▸ **WHAT YOU ARE ASKED TO DO**: Every line of the listing that follows must be written out unchanged.

====== RECORDED INFORMATION ======

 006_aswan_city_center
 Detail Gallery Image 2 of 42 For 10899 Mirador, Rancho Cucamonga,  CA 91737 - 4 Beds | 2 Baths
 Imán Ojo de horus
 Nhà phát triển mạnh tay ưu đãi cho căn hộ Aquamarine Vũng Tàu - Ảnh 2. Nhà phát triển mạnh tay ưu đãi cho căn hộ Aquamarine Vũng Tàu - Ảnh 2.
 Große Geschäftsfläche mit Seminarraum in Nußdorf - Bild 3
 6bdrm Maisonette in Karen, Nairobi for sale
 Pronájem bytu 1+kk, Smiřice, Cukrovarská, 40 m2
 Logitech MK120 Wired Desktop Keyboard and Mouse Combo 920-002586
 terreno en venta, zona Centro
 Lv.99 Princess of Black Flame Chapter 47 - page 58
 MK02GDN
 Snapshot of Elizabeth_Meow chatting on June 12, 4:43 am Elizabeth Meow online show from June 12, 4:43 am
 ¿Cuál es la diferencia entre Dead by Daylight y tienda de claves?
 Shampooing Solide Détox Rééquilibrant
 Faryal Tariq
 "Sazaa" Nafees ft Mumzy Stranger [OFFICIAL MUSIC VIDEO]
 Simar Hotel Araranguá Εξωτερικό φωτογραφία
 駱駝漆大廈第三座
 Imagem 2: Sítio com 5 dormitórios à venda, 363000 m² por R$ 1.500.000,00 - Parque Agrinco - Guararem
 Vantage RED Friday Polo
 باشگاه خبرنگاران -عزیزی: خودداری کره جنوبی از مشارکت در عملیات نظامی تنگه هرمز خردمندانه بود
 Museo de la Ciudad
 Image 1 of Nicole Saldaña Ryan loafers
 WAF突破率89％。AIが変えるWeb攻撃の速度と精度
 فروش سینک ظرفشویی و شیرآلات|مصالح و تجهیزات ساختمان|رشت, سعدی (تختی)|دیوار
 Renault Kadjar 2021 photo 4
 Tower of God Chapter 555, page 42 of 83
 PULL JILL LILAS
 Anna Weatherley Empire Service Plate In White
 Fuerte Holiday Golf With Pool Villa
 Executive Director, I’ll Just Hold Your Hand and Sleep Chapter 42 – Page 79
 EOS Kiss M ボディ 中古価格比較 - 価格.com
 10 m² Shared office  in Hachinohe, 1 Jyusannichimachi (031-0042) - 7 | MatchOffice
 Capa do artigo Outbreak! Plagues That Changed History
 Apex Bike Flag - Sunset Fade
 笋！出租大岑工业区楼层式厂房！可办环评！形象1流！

======

▸ **RESPONSE TO THIS EXERCISE**:
 006_aswan_city_center
 Detail Gallery Image 2 of 42 For 10899 Mirador, Rancho Cucamonga,  CA 91737 - 4 Beds | 2 Baths
 Imán Ojo de horus
 Nhà phát triển mạnh tay ưu đãi cho căn hộ Aquamarine Vũng Tàu - Ảnh 2. Nhà phát triển mạnh tay ưu đãi cho căn hộ Aquamarine Vũng Tàu - Ảnh 2.
 Große Geschäftsfläche mit Seminarraum in Nußdorf - Bild 3
 6bdrm Maisonette in Karen, Nairobi for sale
 Pronájem bytu 1+kk, Smiřice, Cukrovarská, 40 m2
 Logitech MK120 Wired Desktop Keyboard and Mouse Combo 920-002586
 terreno en venta, zona Centro
 Lv.99 Princess of Black Flame Chapter 47 - page 58
 MK02GDN
 Snapshot of Elizabeth_Meow chatting on June 12, 4:43 am Elizabeth Meow online show from June 12, 4:43 am
 ¿Cuál es la diferencia entre Dead by Daylight y tienda de claves?
 Shampooing Solide Détox Rééquilibrant
 Faryal Tariq
 "Sazaa" Nafees ft Mumzy Stranger [OFFICIAL MUSIC VIDEO]
 Simar Hotel Araranguá Εξωτερικό φωτογραφία
 駱駝漆大廈第三座
 Imagem 2: Sítio com 5 dormitórios à venda, 363000 m² por R$ 1.500.000,00 - Parque Agrinco - Guararem
 Vantage RED Friday Polo
 باشگاه خبرنگاران -عزیزی: خودداری کره جنوبی از مشارکت در عملیات نظامی تنگه هرمز خردمندانه بود
 Museo de la Ciudad
 Image 1 of Nicole Saldaña Ryan loafers
 WAF突破率89％。AIが変えるWeb攻撃の速度と精度
 فروش سینک ظرفشویی و شیرآلات|مصالح و تجهیزات ساختمان|رشت, سعدی (تختی)|دیوار
 Renault Kadjar 2021 photo 4
 Tower of God Chapter 555, page 42 of 83
 PULL JILL LILAS
 Anna Weatherley Empire Service Plate In White
 Fuerte Holiday Golf With Pool Villa
 Executive Director, I’ll Just Hold Your Hand and Sleep Chapter 42 – Page 79
 EOS Kiss M ボディ 中古価格比較 - 価格.com
 10 m² Shared office  in Hachinohe, 1 Jyusannichimachi (031-0042) - 7 | MatchOffice
 Capa do artigo Outbreak! Plagues That Changed History
 Apex Bike Flag - Sunset Fade
 笋！出租大岑工业区楼层式厂房！可办环评！形象1流！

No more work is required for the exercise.